Secondo Ceccarelli e De Robertis, la crisi che ha investito la filiera tessile toscana «rischia di mettere a repentaglio un patrimonio unico e numerosi posti di lavoro». L’atto, approvato congiuntamente, impegnava quindi la Regione a «sollecitare il Governo affinché adotti misure straordinarie per sostenere la Manifattura del Casentino, garantendone la sopravvivenza e il rilancio».

Un atto che è evidentemente rimasto ‘lettera morta’ o non ha sortito gli effetti sperati.

L’appello del sindaco Vagnoli: “C’è ancora uno spiraglio”

A chiudere il cerchio è il sindaco di Bibbiena, Filippo Vagnoli, che esprime preoccupazione ma non rinuncia alla speranza:

«La comunicazione della chiusura colpisce profondamente la nostra comunità – afferma – ma non è un fulmine a ciel sereno.
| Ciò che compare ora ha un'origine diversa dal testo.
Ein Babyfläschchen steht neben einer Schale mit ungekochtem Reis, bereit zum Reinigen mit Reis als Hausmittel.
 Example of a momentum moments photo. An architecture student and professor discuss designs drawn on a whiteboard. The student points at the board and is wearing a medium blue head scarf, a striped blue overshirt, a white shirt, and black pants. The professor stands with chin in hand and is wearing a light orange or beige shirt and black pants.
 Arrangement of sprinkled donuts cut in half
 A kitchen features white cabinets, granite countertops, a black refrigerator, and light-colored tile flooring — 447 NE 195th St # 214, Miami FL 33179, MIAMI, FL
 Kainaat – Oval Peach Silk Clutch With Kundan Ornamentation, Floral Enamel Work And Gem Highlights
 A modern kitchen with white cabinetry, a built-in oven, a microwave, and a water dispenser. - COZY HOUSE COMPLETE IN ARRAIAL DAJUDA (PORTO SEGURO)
Abbiamo più volte avvertito la Regione, avanzando proposte e documenti concreti. Le risposte, purtroppo, non sono state sufficienti».

Vagnoli, tuttavia, rilancia un’idea di salvataggio: «Abbiamo ancora un mese di tempo per tentare di preservare almeno una parte della produzione, quella della rifinizione, utilizzando i macchinari storici ancora presenti nel sito. Se c’è volontà comune, possiamo dare una nuova speranza a un pezzo di storia e di identità del Casentino».

Chiusura dell’attività di Manifattura Casentino, Vagnoli intravede uno spiraglio

Chi punta il dito sulle politiche Comunitarie

Sulla vicenda è intervenuta anche Democrazia Sovrana e Popolare (DSP), che ha puntato il dito contro le politiche europee e la mancanza di una strategia nazionale di tutela delle eccellenze manifatturiere.

«Le scelte scellerate dell’Unione Europea, dalle sanzioni alla Russia alle folli politiche energetiche, stanno distruggendo il nostro tessuto produttivo d’eccellenza», ha dichiarato la coordinatrice provinciale Milena Freni.
«Mentre la politica regionale dorme e i sindacati si muovono a ondate emotive, noi difendiamo la sovranità popolare e il lavoro, come sancito dall’Articolo 1 della Costituzione. L’alternativa esiste: restituire forza e dignità a chi mette il lavoro al primo posto».